* **Exercise brief**
In the records below, repeat exactly the lines between the line holding "Hydraulic Hoses" and the line holding "2015 Ford F-250", inclusive, and drop the pictures.

* **Provided records**
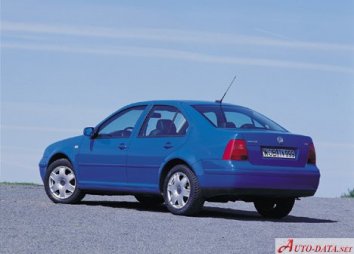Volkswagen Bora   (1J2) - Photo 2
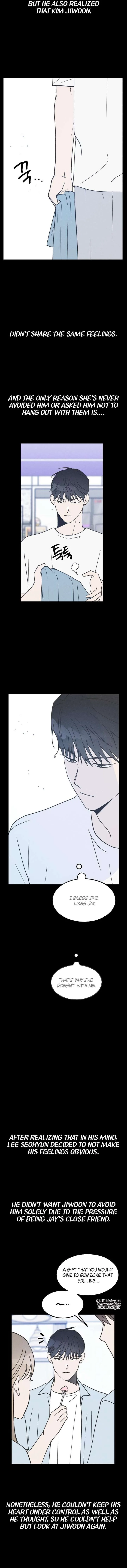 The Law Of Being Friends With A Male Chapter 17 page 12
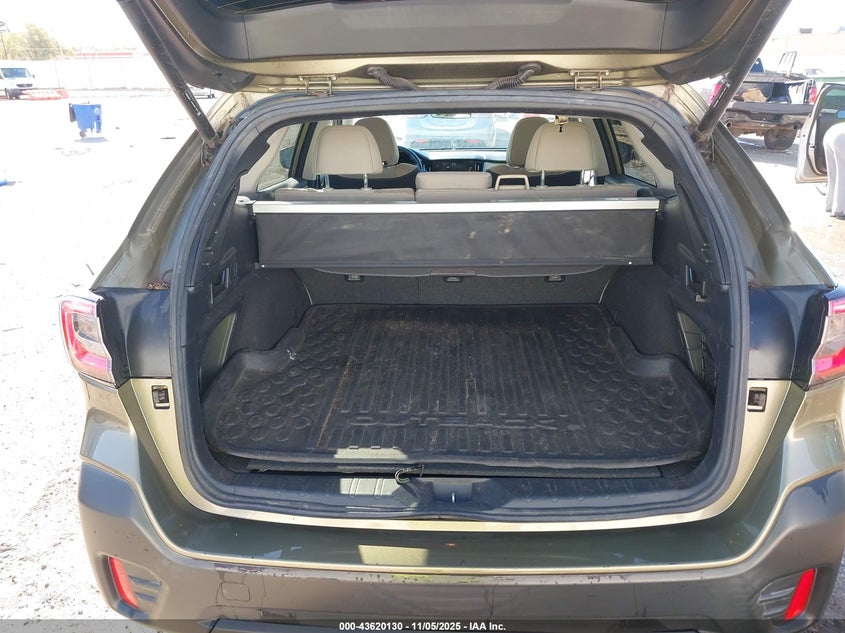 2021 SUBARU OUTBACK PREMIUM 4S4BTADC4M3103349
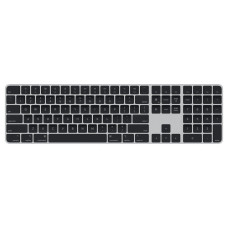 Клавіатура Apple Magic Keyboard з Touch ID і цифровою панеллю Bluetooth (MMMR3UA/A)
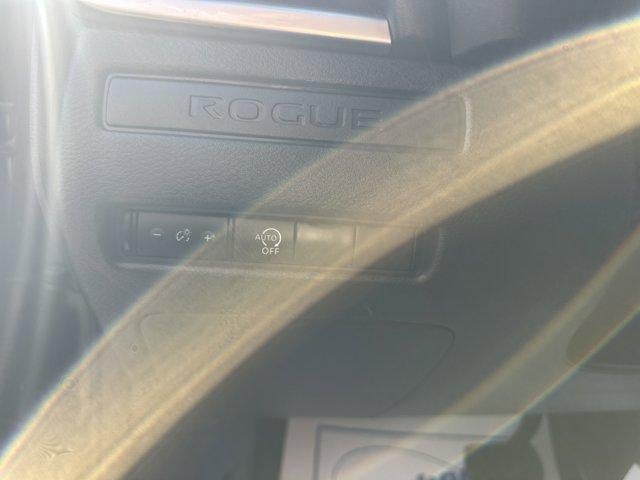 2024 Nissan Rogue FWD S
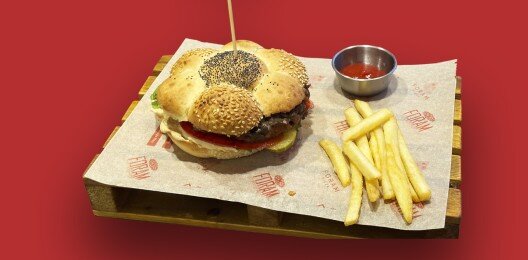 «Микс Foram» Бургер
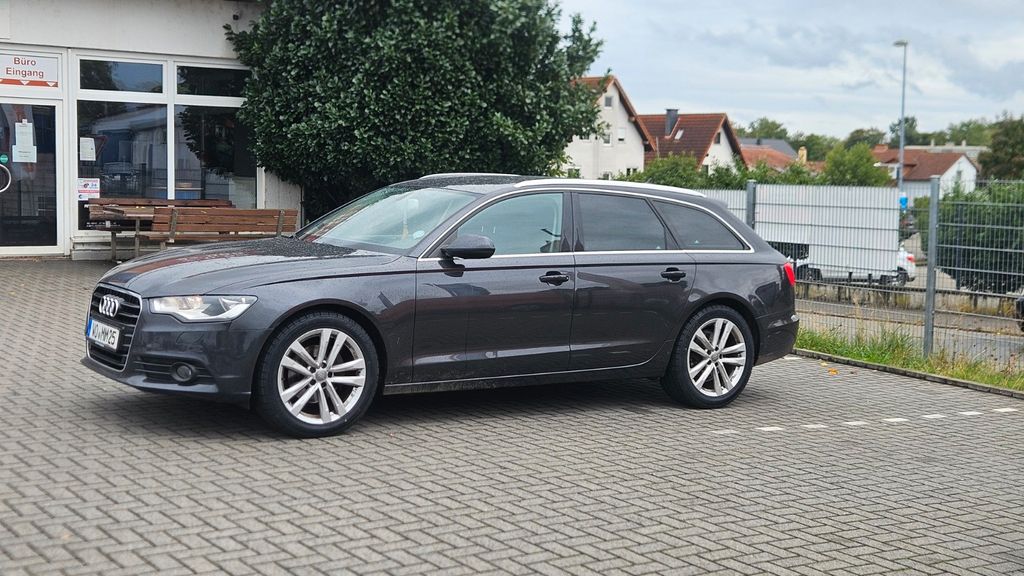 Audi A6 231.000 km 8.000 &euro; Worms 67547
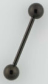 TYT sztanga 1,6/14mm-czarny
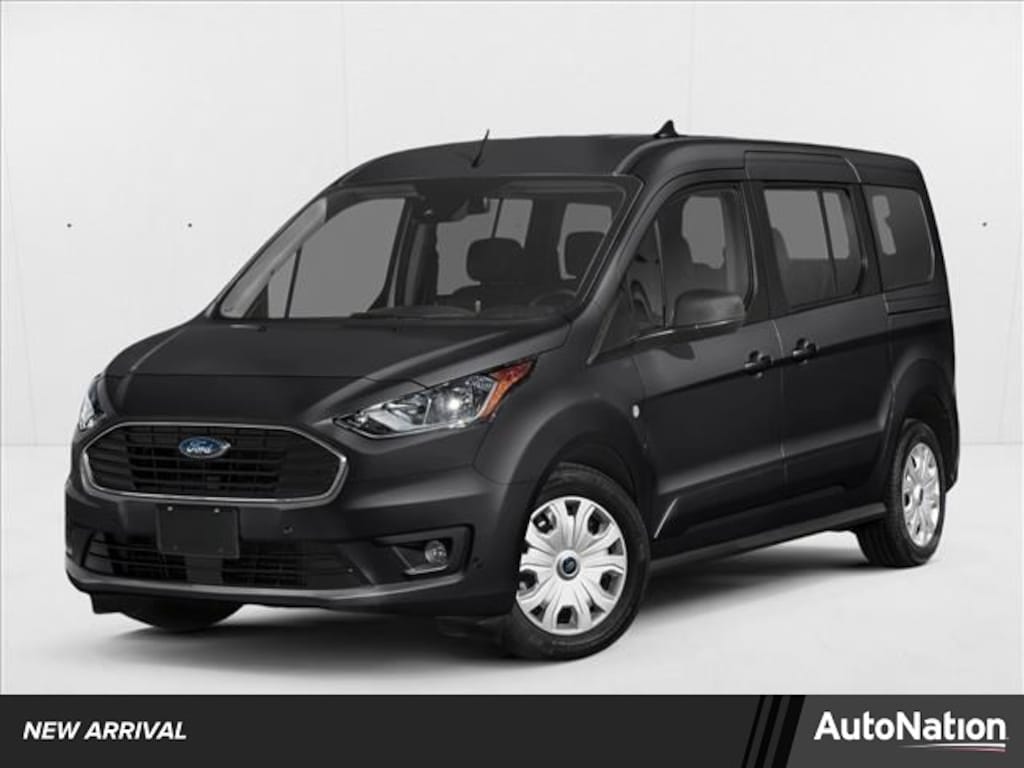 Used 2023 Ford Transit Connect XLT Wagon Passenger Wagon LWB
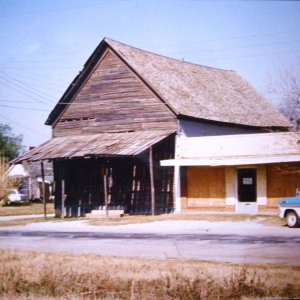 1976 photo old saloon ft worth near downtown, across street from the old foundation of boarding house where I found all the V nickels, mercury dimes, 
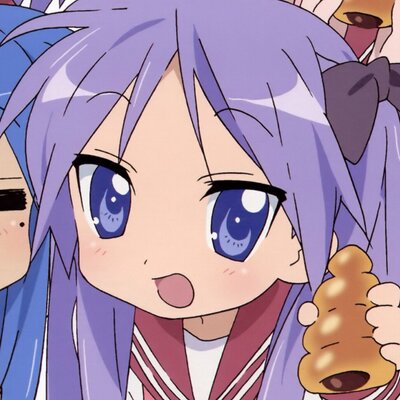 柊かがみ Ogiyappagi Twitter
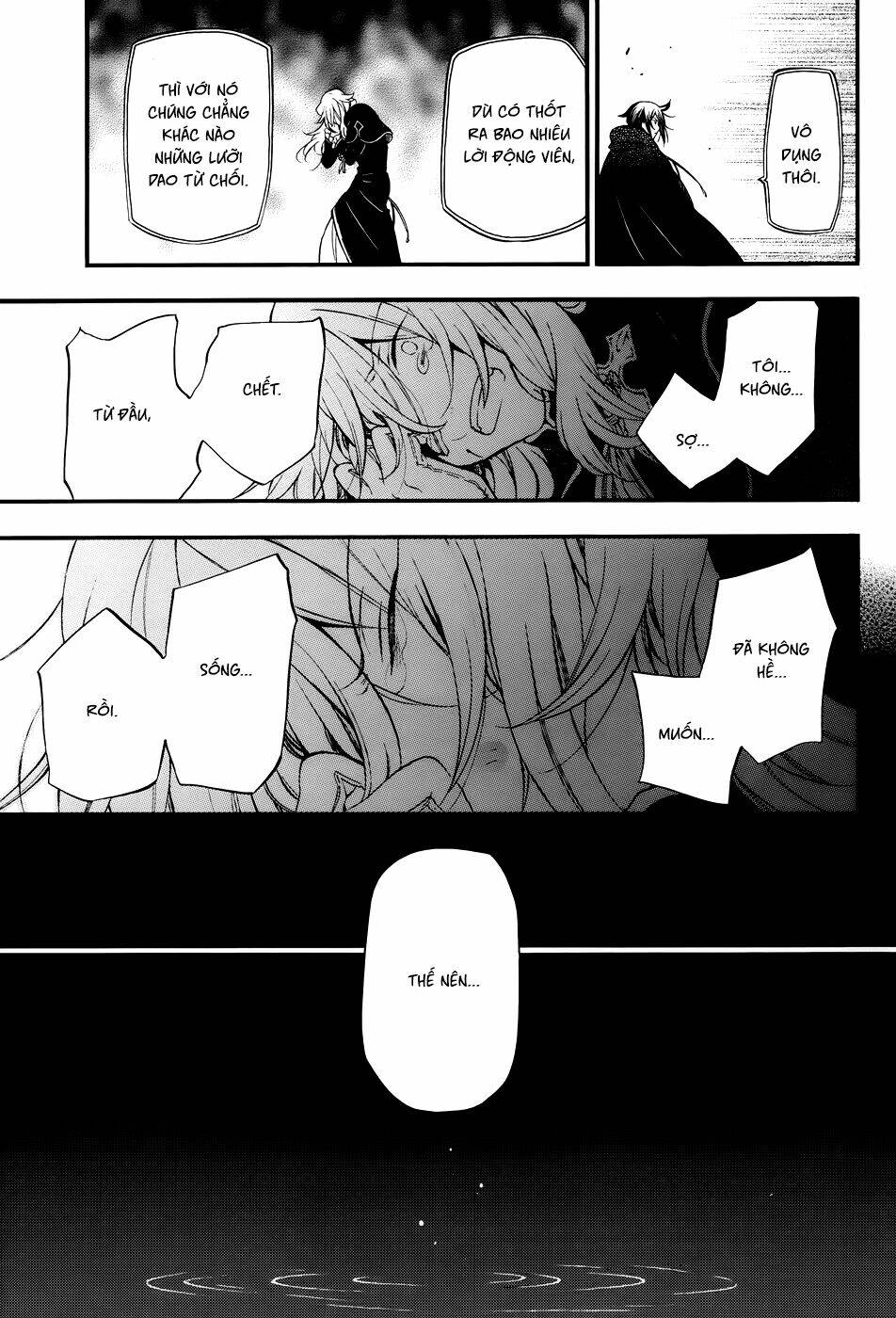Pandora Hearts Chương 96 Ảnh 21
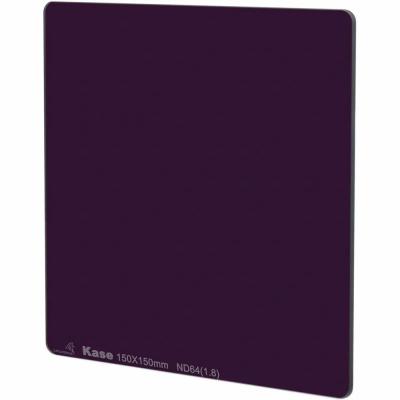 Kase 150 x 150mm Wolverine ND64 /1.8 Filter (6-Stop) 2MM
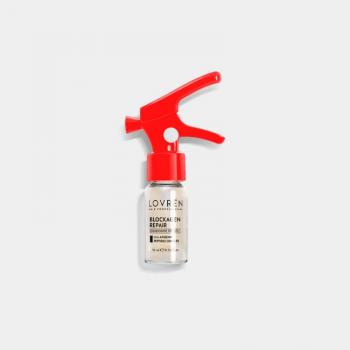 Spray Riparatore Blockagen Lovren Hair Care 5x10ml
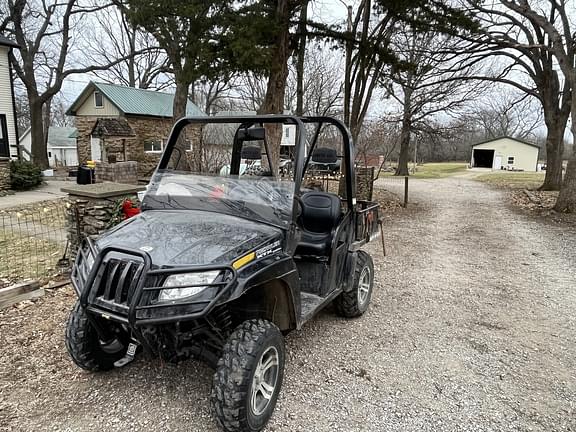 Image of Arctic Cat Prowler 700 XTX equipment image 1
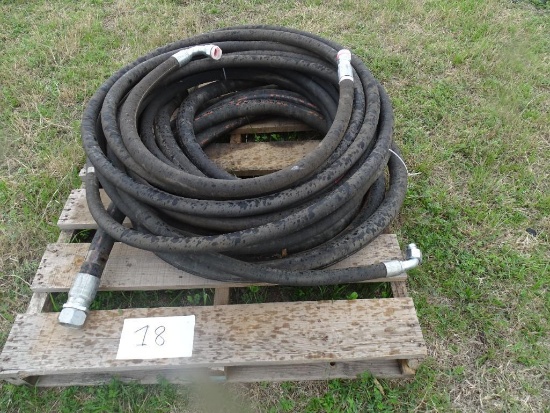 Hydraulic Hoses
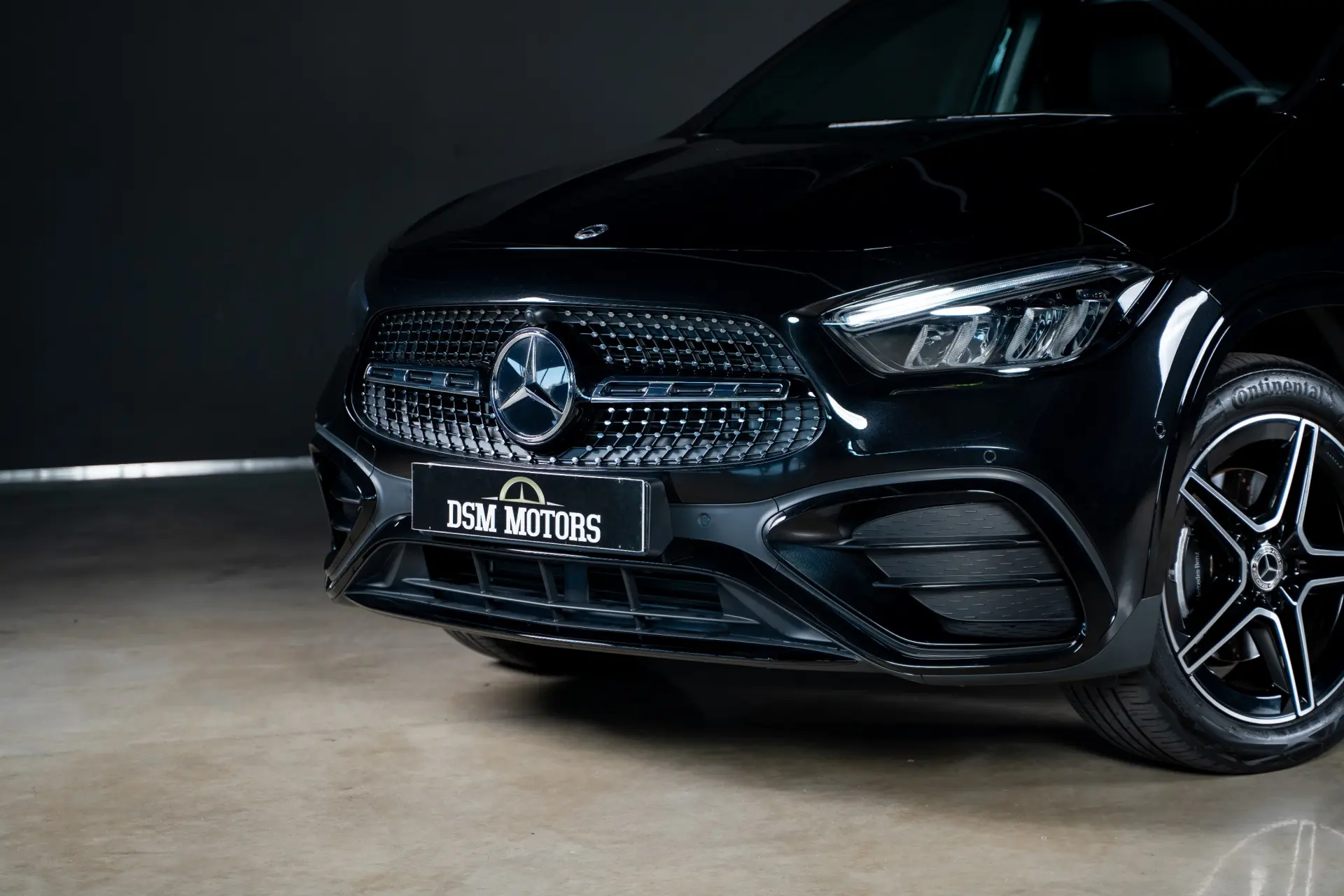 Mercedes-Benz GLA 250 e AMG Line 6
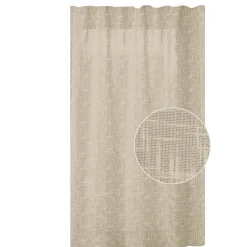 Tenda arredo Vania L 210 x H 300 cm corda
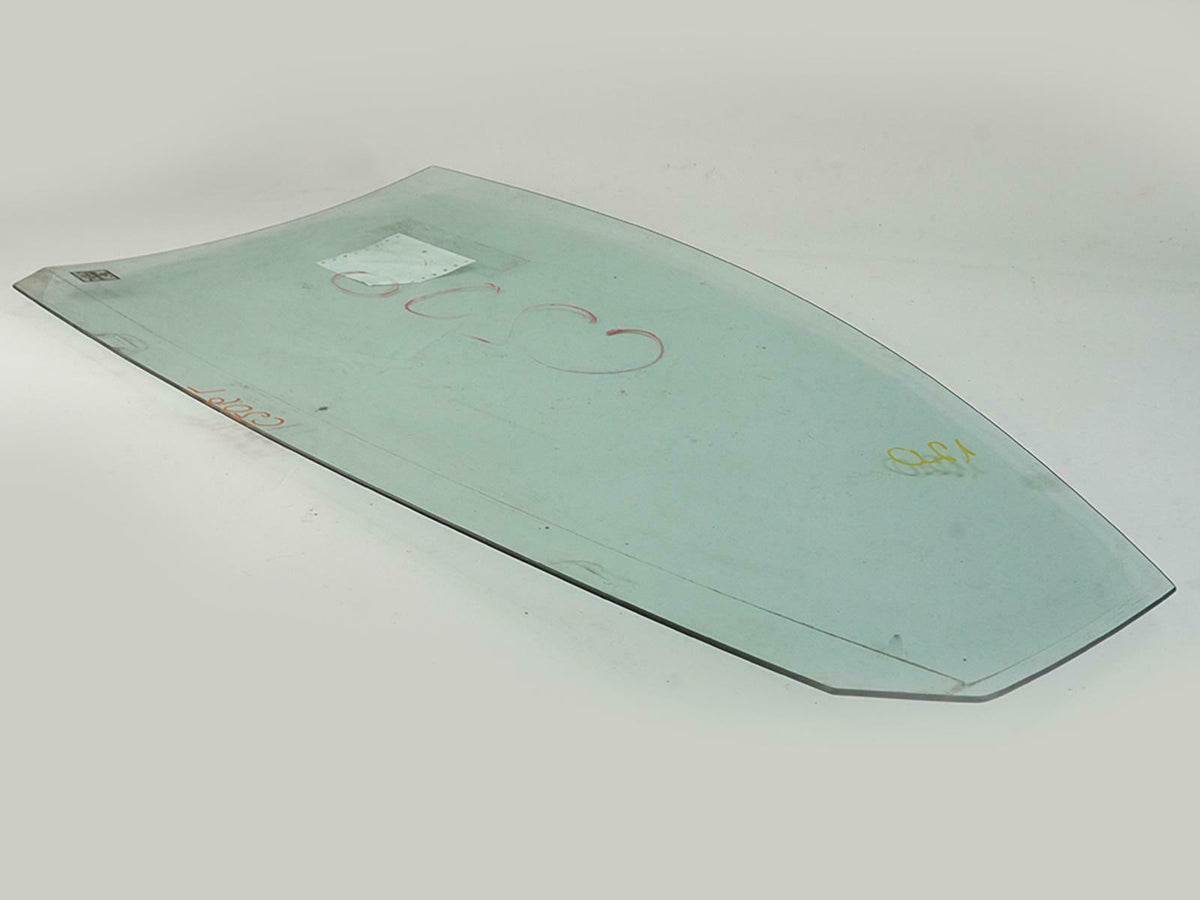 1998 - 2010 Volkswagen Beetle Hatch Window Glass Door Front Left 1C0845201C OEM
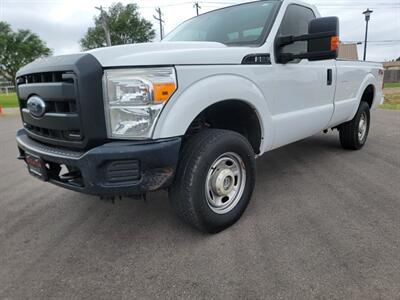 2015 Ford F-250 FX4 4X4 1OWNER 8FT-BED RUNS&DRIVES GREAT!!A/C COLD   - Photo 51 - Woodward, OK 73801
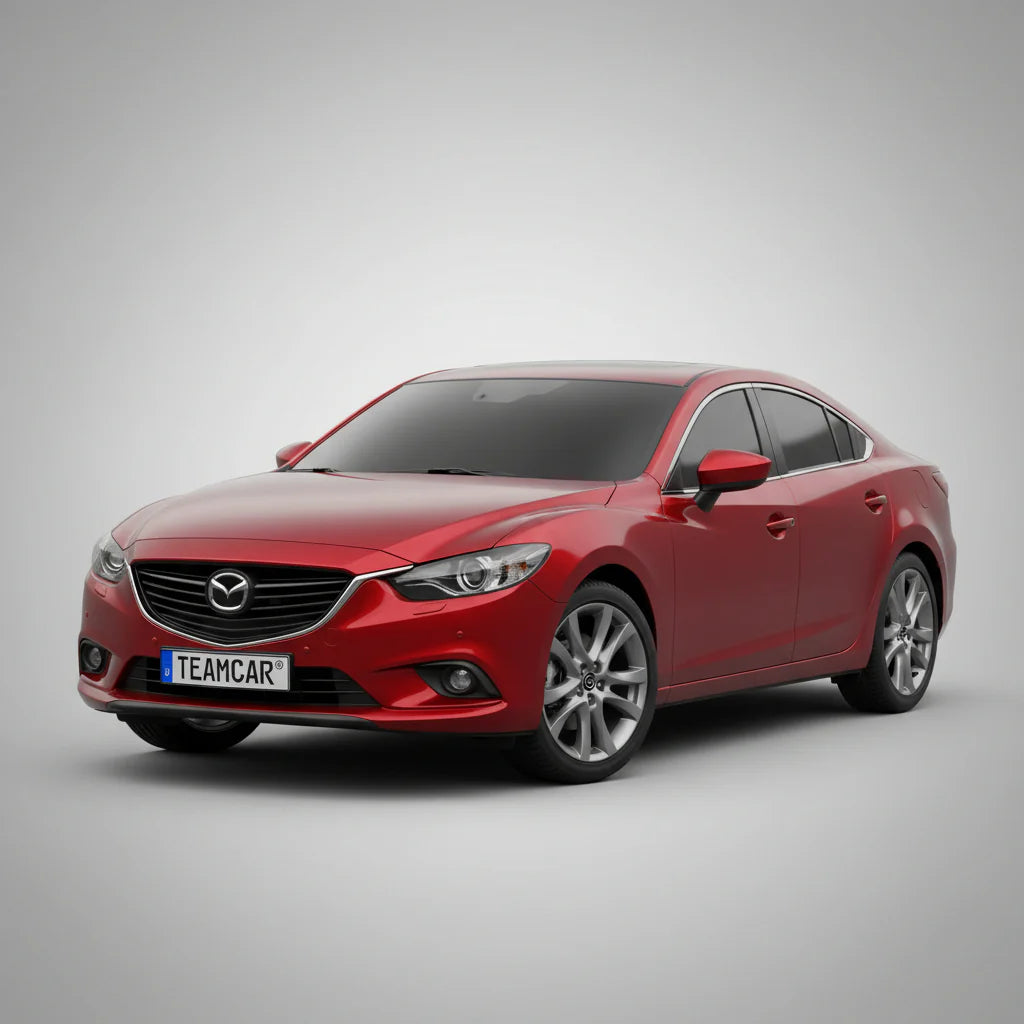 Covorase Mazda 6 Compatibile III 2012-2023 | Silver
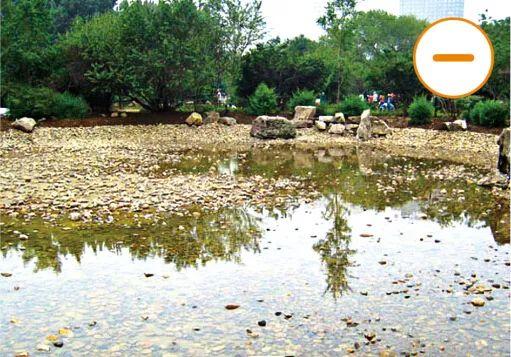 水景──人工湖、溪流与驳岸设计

* **Answer to this exercise**
 Hydraulic Hoses
 Mercedes-Benz GLA 250 e AMG Line 6
 Tenda arredo Vania L 210 x H 300 cm corda
 1998 - 2010 Volkswagen Beetle Hatch Window Glass Door Front Left 1C0845201C OEM
 2015 Ford F-250 FX4 4X4 1OWNER 8FT-BED RUNS&DRIVES GREAT!!A/C COLD   - Photo 51 - Woodward, OK 73801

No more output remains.